(Brief descriptive captions)
• • •

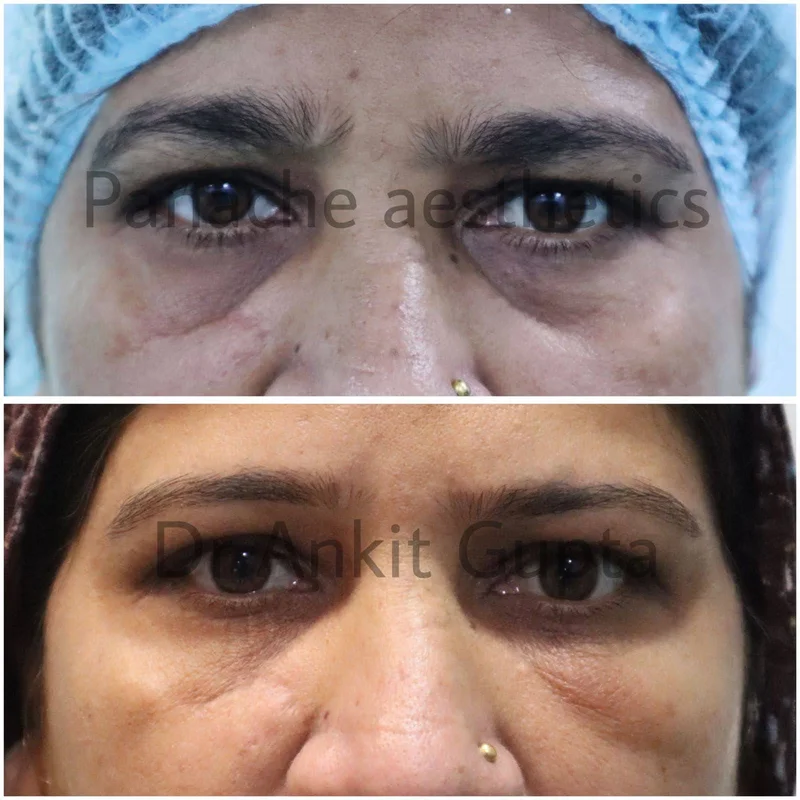 Tear trough and dark circle treatment before and after — Dr. Ankit Gupta
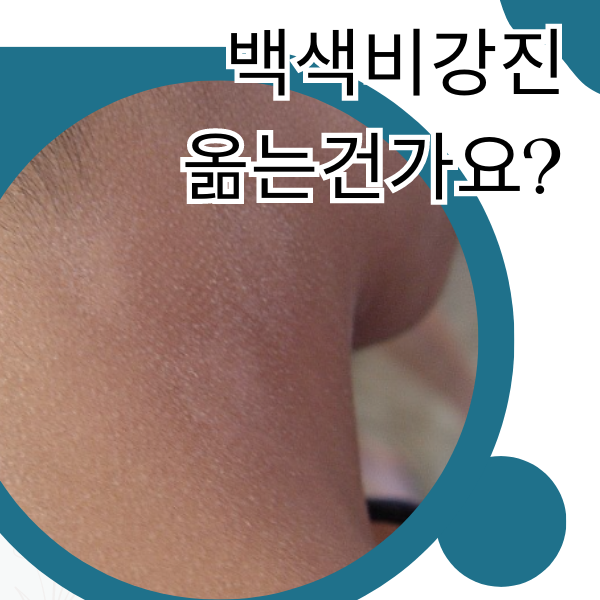  백색비강진 백색잔비늘증 마른버짐 원인과 치료법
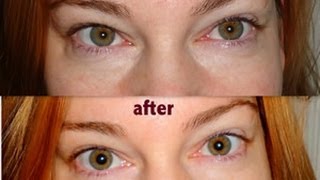 how to get rid of bags under eyes  how to get rid of bags under your eyes  bags under eyes [upl. by Esiled]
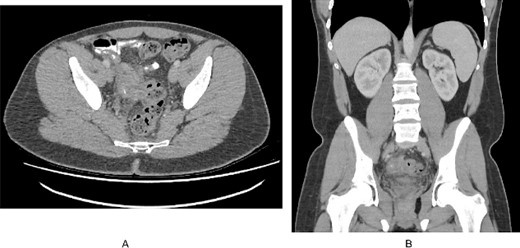 (A). Axial slice of a CT abdomen/pelvis in the portovenous phase demonstrating an inflammatory mass in the pelvis associated with the right pelvic side wall, with a calcific focus. (B). Coronal slice of the CT demonstrating the relation of the inflammatory mass within the pelvis.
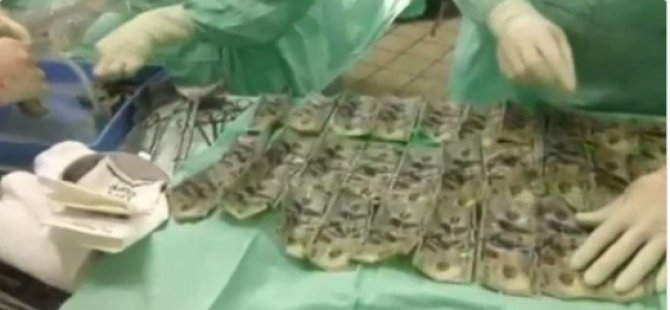 Paraları yutarak kocasından saklamış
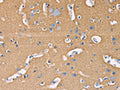 The image on the left is immunohistochemistry of paraffin-embedded Human brain tissue using CSB-PA897922(GNB1 Antibody) at dilution 1/20, on the right is treated with fusion protein. (Original magnification: ×200)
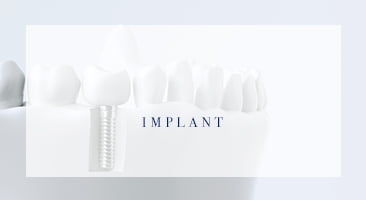 インプラントをご検討の方へ IMPLANT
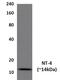 Neurotrophin 4 antibody, GTX53069, GeneTex, Western Blot image 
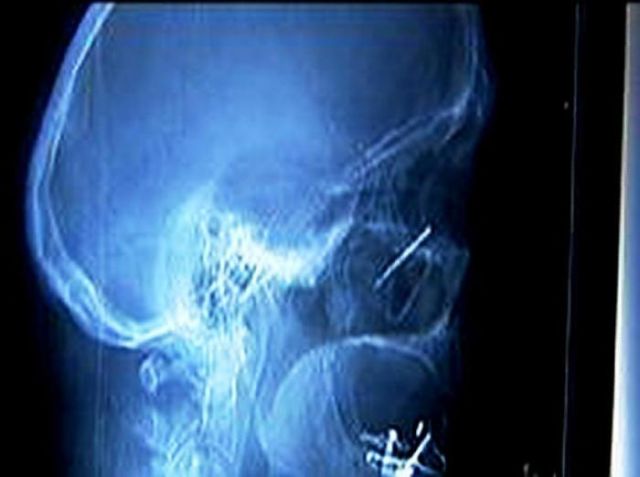 The Most Bizarre Items That Have Gotten Stuck in People’s Bodies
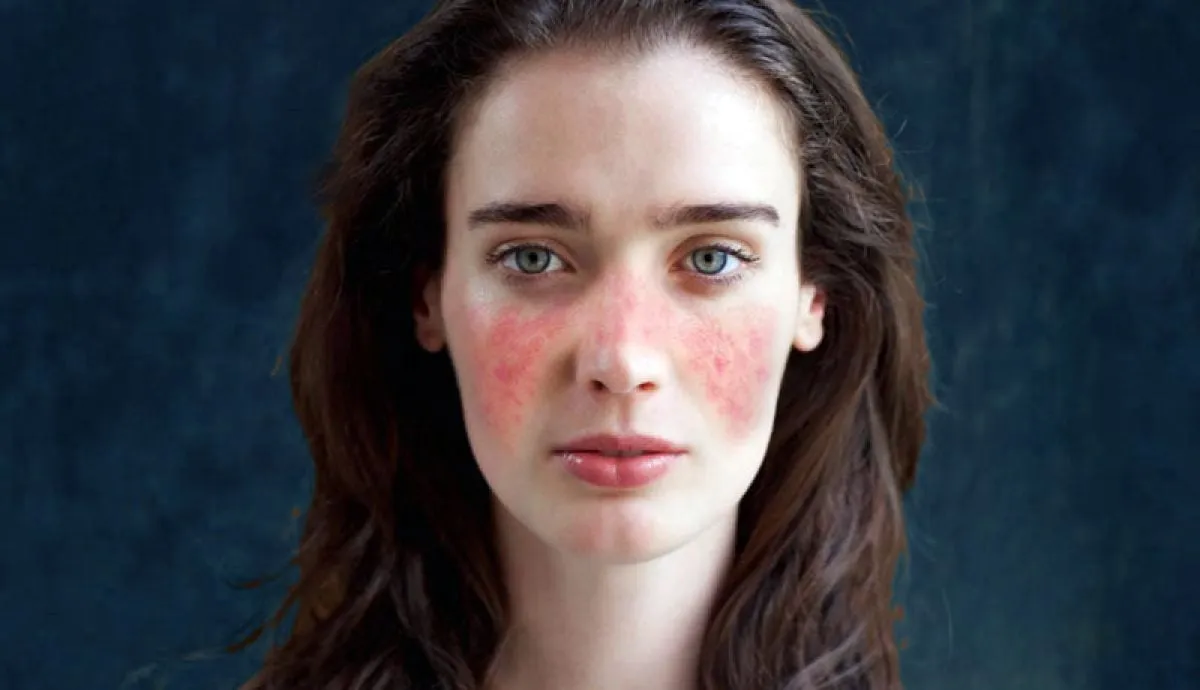 Glucocorticoides isolados na nefropatia lúpica classe I/II: proteção ou risco a longo prazo?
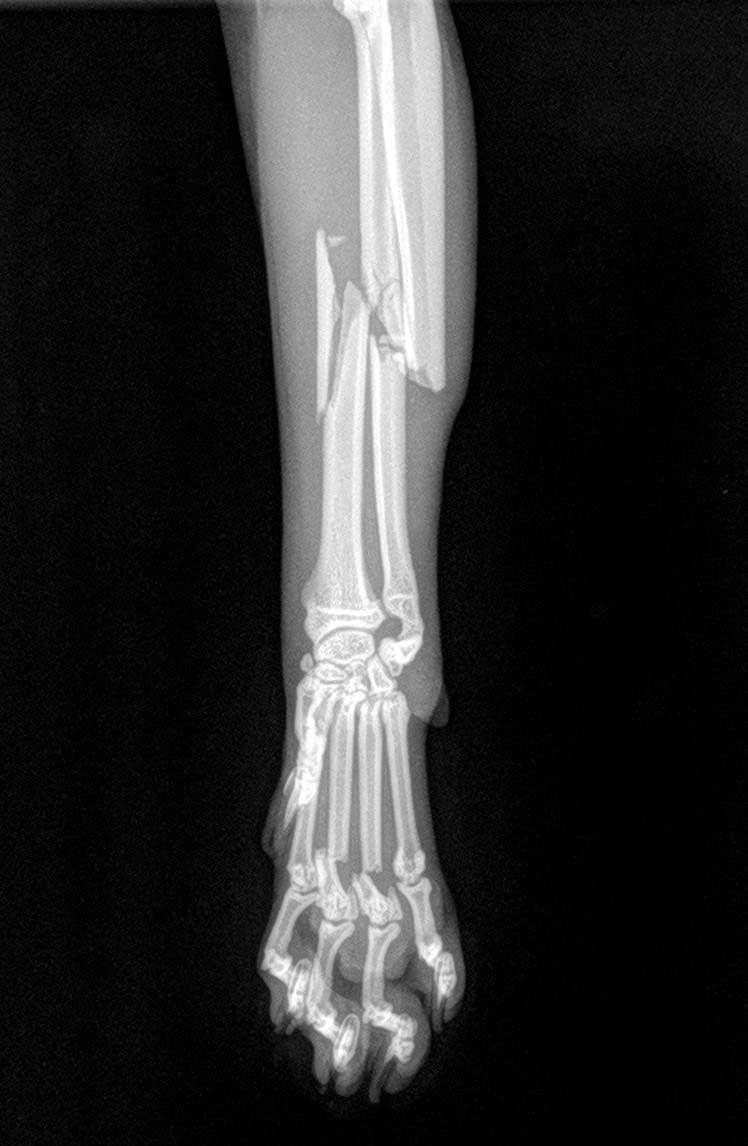 Chirurgie orthopédique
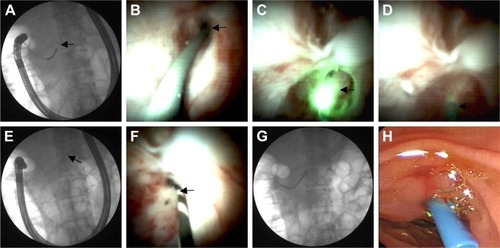 Figure 4 Endoscopic treatment of pancreatic duct stricture and APBJ.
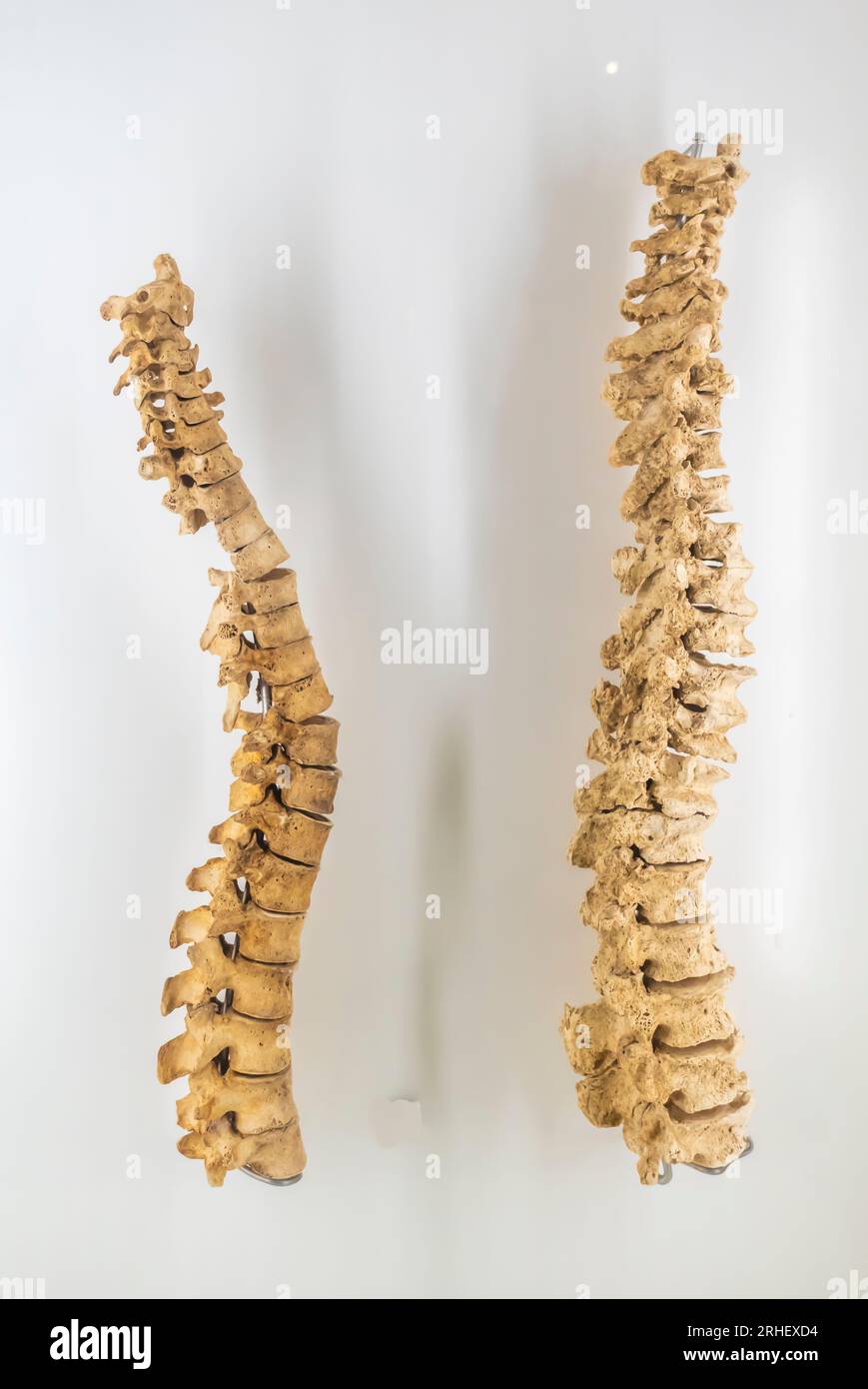 Wirbelsäulen- Friedhof Madinat Hamad - Anfang Dilmun 2000 - 1800 v. Chr. Stockfoto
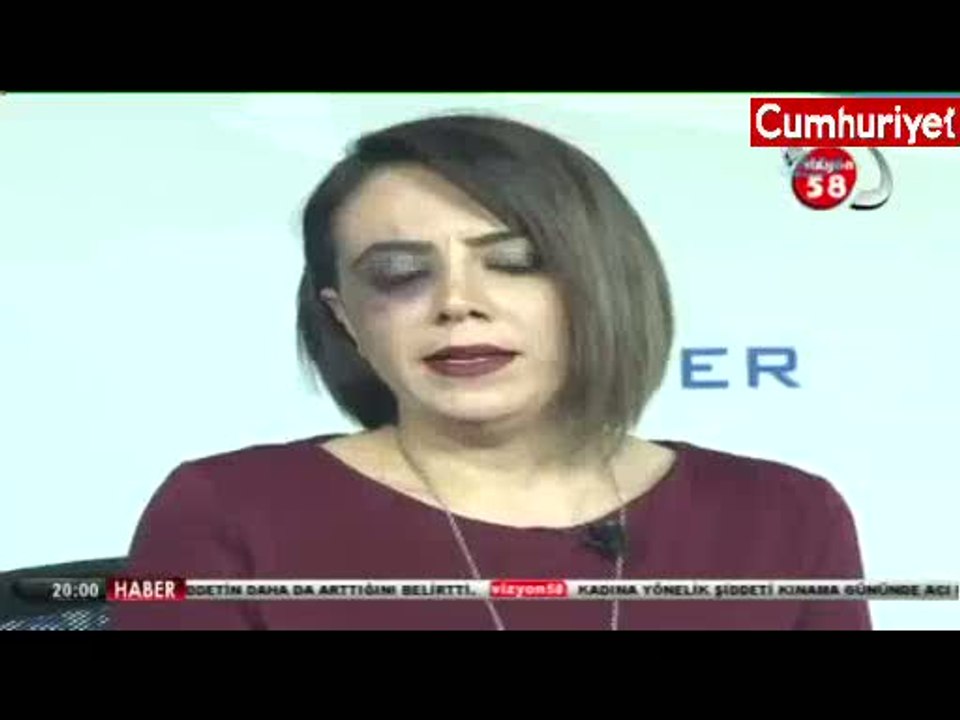 Canlı yayına morarmış gözle çıktı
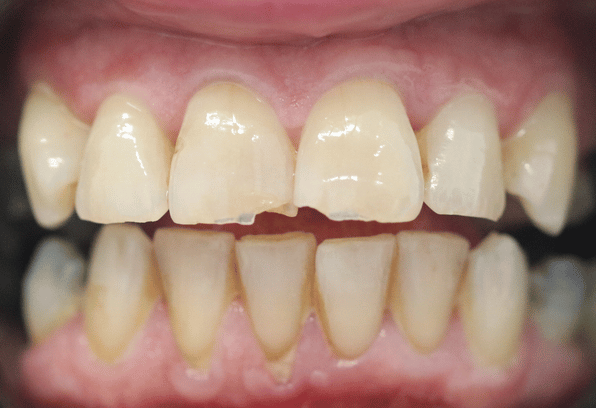 Before - Stamford Dental Care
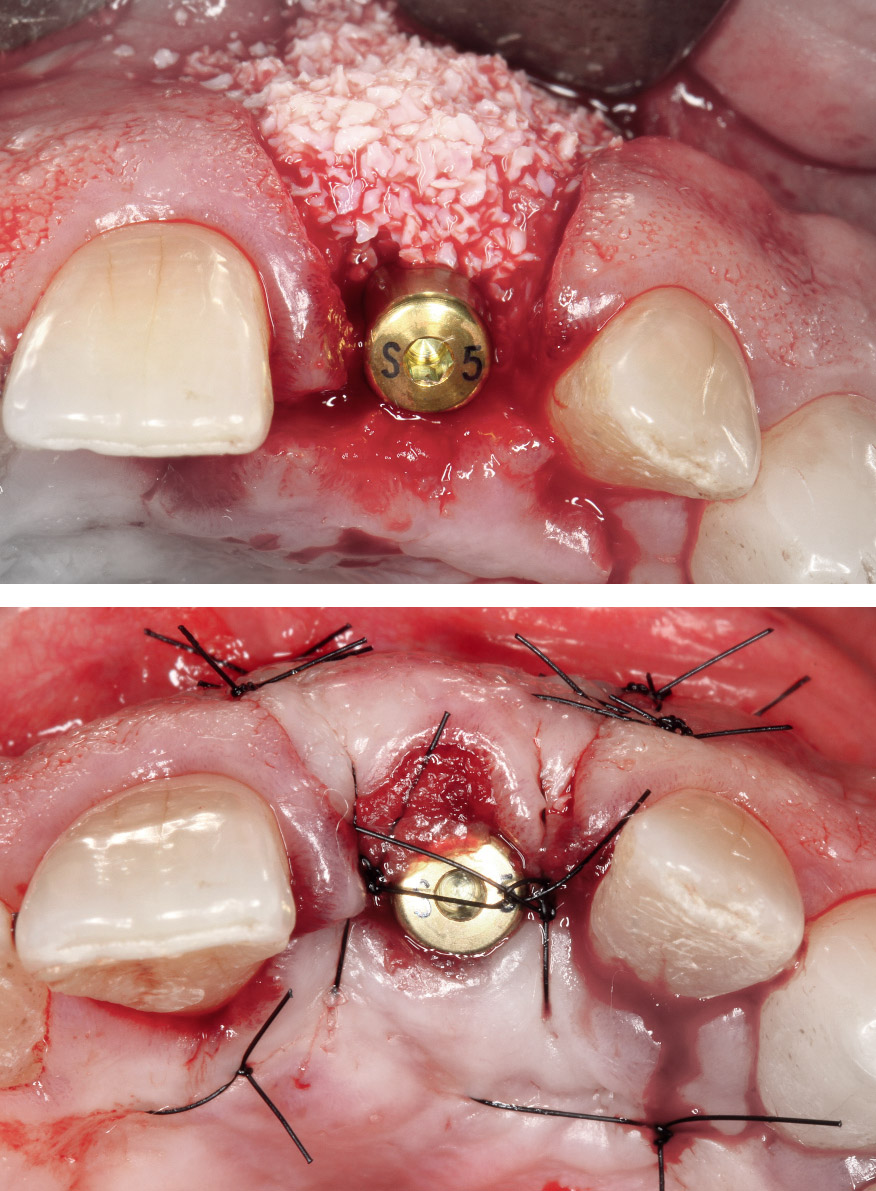 Augmentation osseuse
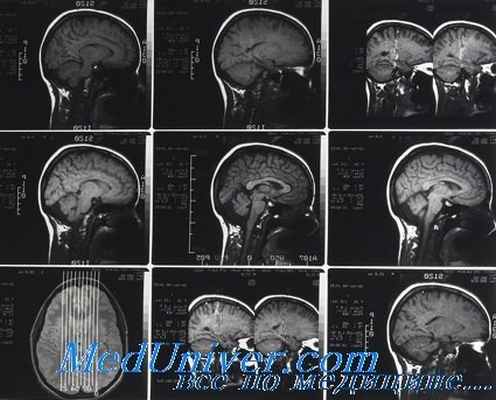 черепно-мозговые травмы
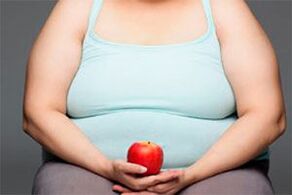 За да излекувате разширените вени, трябва да свалите излишните килограми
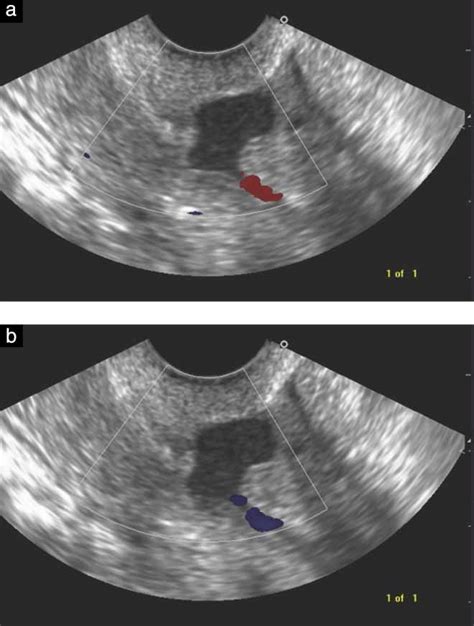 Assessment Of Cesarean Section Scars With Transvaginal Sonography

• • •

What is needed is an exact copy of the lines from the one with "백색비강진 백색잔비늘증 마른버짐 원인과 치료법" through the end of the data above, both included, minus any pictures.

  백색비강진 백색잔비늘증 마른버짐 원인과 치료법
 how to get rid of bags under eyes  how to get rid of bags under your eyes  bags under eyes [upl. by Esiled]
 (A). Axial slice of a CT abdomen/pelvis in the portovenous phase demonstrating an inflammatory mass in the pelvis associated with the right pelvic side wall, with a calcific focus. (B). Coronal slice of the CT demonstrating the relation of the inflammatory mass within the pelvis.
 Paraları yutarak kocasından saklamış
 The image on the left is immunohistochemistry of paraffin-embedded Human brain tissue using CSB-PA897922(GNB1 Antibody) at dilution 1/20, on the right is treated with fusion protein. (Original magnification: ×200)
 インプラントをご検討の方へ IMPLANT
 Neurotrophin 4 antibody, GTX53069, GeneTex, Western Blot image 
 The Most Bizarre Items That Have Gotten Stuck in People’s Bodies
 Glucocorticoides isolados na nefropatia lúpica classe I/II: proteção ou risco a longo prazo?
 Chirurgie orthopédique
 Figure 4 Endoscopic treatment of pancreatic duct stricture and APBJ.
 Wirbelsäulen- Friedhof Madinat Hamad - Anfang Dilmun 2000 - 1800 v. Chr. Stockfoto
 Canlı yayına morarmış gözle çıktı
 Before - Stamford Dental Care
 Augmentation osseuse
 черепно-мозговые травмы
 За да излекувате разширените вени, трябва да свалите излишните килограми
 Assessment Of Cesarean Section Scars With Transvaginal Sonography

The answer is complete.